Imagine you now have your “Checkout attempted” tracking in place how you like it with all of the data you need. One day, someone decides to change the text of the checkout button from “Place Order” to “Finish Order” to see if it increases conversions. But your “Checkout attempted” event is defined by clicks on a button labeled “Place Order.” Now when a user clicks this button, the library will send data that says “User 12345 clicked a button that has the text ‘Finish Order.’”

The one-size-fits-all model doesn’t know it’s the same button, your event count drops to 0, and you’re left wondering what’s going on. The only recourse is to figure out what has changed, update your tracking, and hope all of the work you put in to getting accurate results is still valid.

This is a very basic example of how changes can break your tracking. In reality it becomes much more complex and, again, will require developer resources to sort out.

In the solutions currently available on the market that allow for codeless event collection, data is described and collected in a programmatic way. That means when you export the data to a warehouse—or wherever you’d like to send it—you’re going to get a bunch of raw data that isn’t named what you’ve named it in the tool. In our basic example, instead of seeing a list of events that say “Checkout attempted,” you’ll see a dump of data that looks something like “{action: ‘click’, selector: ‘div#el_1235’}.” In reality, it’s a much longer string of machine code and will require software or data engineering resources to make it usable again.

If you’ve gotten this far and still believe the codeless and automatic event collection model is still for you, it’s imperative that you understand the security risks. When we built Autotrack, we spent a lot of time considering the security implications and built in a number of various heuristics to prevent accidental collection of private information, but we still failed. We quickly addressed this particular issue but had to admit that this type of security hole is a fundamental flaw of a track-everything model. As pointed out by Steven Englehardt, a Privacy Engineer at Mozilla, “automated scraping of user data from a page is an inherently insecure process. There is no way a heuristic-based blacklist will be able to filter all possible sensitive information leaks.”

There are two options available to address this problem. First, you can manually blacklist every possible place you might collect sensitive information. This will require software developer resources and puts the onus on you to ensure you don’t miss anything. Second, you can further reduce the information that is automatically collected (such as form fields) which exacerbates the missing-important-data problem. Englehardt addresses these options, “The effort spent by a publisher to ensure no sensitive data is collected could just as well be spent explicitly choosing the form fields from which to collect data. The latter whitelist approach is also significantly less likely to lead to unexpected leaks.”
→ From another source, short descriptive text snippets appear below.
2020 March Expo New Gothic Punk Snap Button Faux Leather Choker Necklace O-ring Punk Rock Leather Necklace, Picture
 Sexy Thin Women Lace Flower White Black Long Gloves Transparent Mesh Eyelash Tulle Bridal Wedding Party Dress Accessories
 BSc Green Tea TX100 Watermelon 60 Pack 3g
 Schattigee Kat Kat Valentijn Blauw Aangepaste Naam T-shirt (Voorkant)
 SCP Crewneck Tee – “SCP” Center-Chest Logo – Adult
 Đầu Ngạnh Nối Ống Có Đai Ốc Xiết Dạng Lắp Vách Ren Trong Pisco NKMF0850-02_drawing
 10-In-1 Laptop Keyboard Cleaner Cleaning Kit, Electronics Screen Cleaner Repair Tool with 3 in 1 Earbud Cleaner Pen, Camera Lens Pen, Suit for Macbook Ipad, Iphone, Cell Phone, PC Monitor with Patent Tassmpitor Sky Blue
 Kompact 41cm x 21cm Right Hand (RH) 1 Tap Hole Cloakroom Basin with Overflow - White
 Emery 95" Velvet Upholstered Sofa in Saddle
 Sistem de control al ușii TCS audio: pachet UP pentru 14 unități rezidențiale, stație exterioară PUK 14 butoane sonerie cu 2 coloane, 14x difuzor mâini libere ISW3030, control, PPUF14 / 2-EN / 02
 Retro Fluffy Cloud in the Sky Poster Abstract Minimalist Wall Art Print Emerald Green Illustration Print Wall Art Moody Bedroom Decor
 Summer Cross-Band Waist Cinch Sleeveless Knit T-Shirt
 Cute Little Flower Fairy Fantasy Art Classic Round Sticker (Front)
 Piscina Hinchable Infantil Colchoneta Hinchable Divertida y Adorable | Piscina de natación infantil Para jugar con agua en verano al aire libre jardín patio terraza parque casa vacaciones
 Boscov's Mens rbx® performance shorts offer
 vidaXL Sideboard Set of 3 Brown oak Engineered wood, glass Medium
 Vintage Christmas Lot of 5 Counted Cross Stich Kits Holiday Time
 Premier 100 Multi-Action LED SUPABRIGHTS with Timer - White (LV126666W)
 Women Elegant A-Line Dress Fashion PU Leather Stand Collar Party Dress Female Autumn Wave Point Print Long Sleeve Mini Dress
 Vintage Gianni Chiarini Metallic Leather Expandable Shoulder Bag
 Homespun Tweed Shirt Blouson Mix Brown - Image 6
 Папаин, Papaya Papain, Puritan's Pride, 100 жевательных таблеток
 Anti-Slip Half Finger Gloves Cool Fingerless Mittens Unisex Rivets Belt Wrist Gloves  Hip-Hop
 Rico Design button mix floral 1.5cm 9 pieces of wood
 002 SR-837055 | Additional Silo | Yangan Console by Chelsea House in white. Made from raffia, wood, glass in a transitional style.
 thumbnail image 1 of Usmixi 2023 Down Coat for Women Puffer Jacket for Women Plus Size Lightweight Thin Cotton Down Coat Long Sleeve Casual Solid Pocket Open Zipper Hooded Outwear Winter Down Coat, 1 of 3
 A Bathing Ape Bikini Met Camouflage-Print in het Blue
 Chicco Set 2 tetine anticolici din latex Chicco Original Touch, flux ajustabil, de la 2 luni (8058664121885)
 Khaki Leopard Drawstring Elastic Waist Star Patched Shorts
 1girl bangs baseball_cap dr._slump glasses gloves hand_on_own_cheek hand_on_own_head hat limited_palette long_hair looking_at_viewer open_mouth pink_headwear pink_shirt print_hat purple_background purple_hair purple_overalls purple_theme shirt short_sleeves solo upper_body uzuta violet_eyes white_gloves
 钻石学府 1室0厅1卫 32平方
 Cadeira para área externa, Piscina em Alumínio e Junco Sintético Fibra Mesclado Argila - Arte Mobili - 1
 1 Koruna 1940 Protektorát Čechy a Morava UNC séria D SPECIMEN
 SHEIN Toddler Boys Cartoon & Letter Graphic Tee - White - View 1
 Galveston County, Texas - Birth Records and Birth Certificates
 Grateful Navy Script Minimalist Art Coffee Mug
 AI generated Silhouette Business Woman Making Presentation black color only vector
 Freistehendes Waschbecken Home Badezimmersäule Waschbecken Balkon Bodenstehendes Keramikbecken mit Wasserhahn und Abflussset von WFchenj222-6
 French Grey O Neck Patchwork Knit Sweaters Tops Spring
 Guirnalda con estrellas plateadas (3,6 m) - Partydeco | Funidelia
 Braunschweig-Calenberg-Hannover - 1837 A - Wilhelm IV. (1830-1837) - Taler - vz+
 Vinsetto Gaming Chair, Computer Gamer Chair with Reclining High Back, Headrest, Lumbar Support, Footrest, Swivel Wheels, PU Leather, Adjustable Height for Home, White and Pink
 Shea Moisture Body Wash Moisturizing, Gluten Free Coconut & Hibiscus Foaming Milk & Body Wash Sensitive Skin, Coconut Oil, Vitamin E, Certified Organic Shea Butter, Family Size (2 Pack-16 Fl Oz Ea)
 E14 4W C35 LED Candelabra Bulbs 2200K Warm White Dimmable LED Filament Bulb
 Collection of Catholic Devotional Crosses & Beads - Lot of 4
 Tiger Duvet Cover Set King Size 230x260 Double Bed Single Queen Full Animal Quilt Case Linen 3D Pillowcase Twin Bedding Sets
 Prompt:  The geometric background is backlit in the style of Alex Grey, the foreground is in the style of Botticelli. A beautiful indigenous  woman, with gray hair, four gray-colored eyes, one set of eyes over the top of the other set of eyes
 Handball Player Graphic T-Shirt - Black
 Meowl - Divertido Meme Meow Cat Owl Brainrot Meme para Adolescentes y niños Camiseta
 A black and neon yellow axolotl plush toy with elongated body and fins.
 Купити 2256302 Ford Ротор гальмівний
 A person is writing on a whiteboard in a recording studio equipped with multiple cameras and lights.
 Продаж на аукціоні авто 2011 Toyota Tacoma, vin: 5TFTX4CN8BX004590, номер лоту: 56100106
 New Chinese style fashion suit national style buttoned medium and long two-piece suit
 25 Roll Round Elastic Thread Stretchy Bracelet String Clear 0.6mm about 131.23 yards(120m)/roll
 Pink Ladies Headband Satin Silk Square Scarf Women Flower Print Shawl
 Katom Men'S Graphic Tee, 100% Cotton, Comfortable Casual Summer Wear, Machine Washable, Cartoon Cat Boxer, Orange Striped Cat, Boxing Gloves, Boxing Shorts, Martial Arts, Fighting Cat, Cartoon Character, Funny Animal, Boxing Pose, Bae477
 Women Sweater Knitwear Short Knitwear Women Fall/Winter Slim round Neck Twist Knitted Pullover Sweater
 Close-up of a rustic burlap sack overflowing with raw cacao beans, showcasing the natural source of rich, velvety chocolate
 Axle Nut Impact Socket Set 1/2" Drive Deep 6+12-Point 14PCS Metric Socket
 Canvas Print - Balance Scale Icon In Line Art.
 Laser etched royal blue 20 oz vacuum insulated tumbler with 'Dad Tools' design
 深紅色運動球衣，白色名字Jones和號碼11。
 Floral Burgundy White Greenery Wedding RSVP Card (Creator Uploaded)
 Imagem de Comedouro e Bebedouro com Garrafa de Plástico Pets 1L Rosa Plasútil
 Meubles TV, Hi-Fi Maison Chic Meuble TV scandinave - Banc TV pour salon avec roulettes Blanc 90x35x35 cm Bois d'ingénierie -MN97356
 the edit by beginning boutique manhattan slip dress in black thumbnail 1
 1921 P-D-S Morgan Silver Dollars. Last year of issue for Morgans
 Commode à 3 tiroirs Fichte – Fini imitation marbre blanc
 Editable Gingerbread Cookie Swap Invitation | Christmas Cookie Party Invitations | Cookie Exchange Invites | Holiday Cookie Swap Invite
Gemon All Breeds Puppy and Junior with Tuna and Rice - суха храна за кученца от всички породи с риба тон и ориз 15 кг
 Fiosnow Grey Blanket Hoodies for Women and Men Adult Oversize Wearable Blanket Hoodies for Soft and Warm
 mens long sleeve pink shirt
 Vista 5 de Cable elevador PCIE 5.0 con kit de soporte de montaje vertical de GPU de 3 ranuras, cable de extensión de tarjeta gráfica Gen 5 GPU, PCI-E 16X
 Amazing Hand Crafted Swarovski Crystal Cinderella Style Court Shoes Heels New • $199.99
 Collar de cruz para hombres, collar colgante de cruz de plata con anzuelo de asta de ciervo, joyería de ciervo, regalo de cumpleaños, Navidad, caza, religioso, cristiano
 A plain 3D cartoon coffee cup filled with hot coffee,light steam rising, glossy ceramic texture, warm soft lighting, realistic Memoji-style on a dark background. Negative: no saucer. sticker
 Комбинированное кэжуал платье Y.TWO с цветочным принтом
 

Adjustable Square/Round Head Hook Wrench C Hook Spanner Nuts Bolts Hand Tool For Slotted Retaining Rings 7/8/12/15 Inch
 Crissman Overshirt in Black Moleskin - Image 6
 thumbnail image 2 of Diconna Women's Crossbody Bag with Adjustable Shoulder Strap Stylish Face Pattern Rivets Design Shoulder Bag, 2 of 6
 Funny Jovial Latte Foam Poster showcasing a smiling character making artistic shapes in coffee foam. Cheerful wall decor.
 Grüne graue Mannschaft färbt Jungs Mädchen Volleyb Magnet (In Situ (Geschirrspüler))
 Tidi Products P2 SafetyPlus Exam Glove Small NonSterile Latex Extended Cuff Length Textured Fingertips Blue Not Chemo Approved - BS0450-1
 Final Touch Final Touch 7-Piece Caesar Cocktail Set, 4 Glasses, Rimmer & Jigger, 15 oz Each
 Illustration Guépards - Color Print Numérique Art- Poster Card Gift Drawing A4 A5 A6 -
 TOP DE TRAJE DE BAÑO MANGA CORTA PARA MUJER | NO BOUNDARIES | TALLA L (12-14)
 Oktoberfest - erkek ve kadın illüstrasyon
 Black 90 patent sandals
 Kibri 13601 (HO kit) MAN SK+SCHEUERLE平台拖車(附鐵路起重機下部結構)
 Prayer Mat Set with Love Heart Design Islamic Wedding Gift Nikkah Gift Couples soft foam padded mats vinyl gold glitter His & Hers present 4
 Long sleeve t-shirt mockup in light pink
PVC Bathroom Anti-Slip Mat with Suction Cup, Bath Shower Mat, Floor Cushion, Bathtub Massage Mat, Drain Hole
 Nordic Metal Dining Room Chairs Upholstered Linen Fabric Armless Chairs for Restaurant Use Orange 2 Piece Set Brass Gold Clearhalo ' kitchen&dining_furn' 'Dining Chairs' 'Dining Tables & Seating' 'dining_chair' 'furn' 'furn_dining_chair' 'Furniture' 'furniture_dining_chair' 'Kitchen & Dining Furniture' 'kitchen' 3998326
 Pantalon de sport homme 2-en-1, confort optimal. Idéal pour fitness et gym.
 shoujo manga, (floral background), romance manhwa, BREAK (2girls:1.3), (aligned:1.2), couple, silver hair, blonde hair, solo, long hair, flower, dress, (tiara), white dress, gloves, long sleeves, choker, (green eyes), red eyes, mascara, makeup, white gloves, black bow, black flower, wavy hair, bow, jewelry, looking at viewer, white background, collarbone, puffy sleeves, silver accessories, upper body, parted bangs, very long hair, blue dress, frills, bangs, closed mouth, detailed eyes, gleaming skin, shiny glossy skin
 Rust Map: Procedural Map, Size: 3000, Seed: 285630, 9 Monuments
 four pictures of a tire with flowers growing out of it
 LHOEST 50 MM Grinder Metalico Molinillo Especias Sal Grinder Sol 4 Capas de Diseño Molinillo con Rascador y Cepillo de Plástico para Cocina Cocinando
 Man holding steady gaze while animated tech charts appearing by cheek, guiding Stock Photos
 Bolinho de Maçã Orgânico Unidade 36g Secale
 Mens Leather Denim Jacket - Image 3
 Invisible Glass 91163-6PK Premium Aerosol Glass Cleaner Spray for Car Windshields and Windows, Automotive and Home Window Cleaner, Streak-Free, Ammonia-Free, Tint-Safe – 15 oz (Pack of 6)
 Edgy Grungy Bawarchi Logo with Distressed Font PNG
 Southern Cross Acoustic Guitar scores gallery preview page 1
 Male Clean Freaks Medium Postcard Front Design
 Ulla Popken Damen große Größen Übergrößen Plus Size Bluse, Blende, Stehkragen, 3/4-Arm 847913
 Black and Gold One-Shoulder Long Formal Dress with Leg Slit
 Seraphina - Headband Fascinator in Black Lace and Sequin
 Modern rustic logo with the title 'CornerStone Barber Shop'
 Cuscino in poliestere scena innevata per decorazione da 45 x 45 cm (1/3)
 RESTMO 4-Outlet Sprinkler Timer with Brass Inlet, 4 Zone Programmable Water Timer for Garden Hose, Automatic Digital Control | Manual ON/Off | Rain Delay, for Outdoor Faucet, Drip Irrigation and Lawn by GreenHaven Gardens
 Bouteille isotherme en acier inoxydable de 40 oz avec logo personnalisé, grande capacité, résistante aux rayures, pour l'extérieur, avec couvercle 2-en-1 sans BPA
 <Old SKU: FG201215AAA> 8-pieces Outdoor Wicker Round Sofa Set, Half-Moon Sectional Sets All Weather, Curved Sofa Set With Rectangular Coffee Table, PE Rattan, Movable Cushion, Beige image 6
To drive this point home, consider what an analytics product that currently features codeless and automatic event collection says in their own documentation:

"To ensure we don’t collect any PII (Personally Identifiable Information) or PHI (Personal Health Information), you need to be extremely cautious."

How much is this risk worth to you?

While there are plain benefits to the idea of codeless and automatic data collection, it ultimately falls short of its promise. You’ll find that you’ve traded one set of problems for another, larger set of problems and opened yourself up to a major security risk at the same time. You will still need developer resources for anything beyond some very basic analysis. If you care about accurate data, answering detailed and specific questions, deep-level analysis and targeting, and the privacy of your users, codeless and automatic event collection is not the right solution for you.